--- START ---

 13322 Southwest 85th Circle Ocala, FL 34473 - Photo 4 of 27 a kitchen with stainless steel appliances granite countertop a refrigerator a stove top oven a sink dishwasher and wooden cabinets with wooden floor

--- END ---
--- START ---

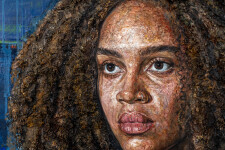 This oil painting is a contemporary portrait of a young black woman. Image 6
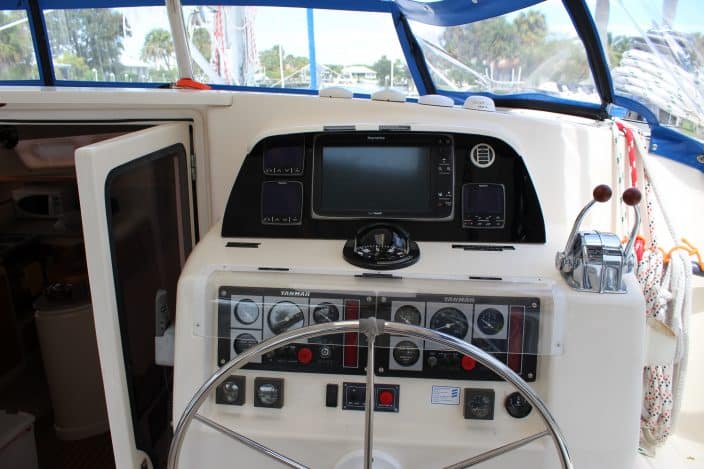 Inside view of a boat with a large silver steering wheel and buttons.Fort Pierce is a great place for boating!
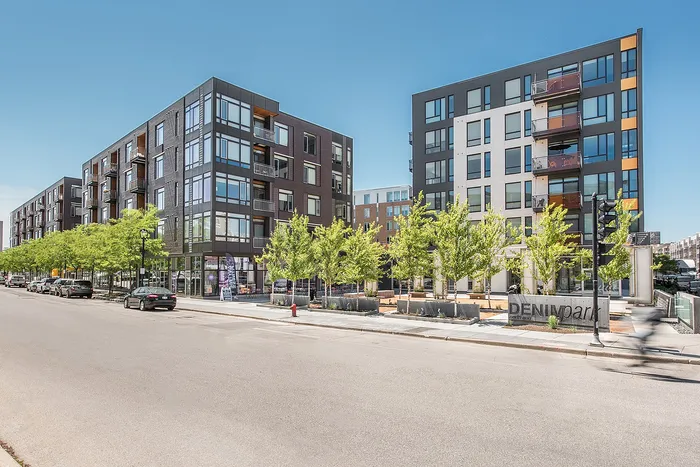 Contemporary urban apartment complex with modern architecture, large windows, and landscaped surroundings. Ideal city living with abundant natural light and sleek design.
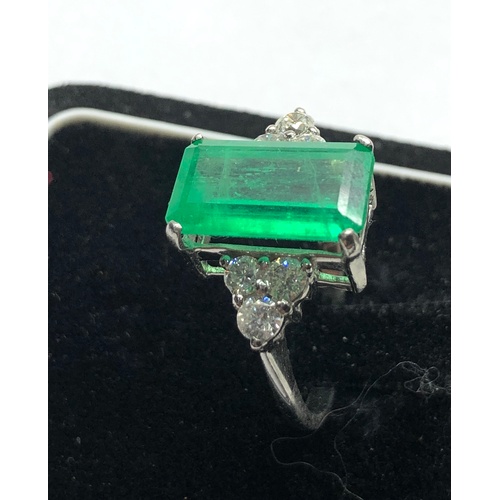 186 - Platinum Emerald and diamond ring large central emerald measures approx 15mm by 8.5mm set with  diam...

--- END ---

The task:
Only the lines of the listing above from the one with "Contemporary urban apartment" through the one with "186 - Platinum" should be output, exactly, with both ends kept and pictures left out.

Response box:
 Contemporary urban apartment complex with modern architecture, large windows, and landscaped surroundings. Ideal city living with abundant natural light and sleek design.
 186 - Platinum Emerald and diamond ring large central emerald measures approx 15mm by 8.5mm set with  diam...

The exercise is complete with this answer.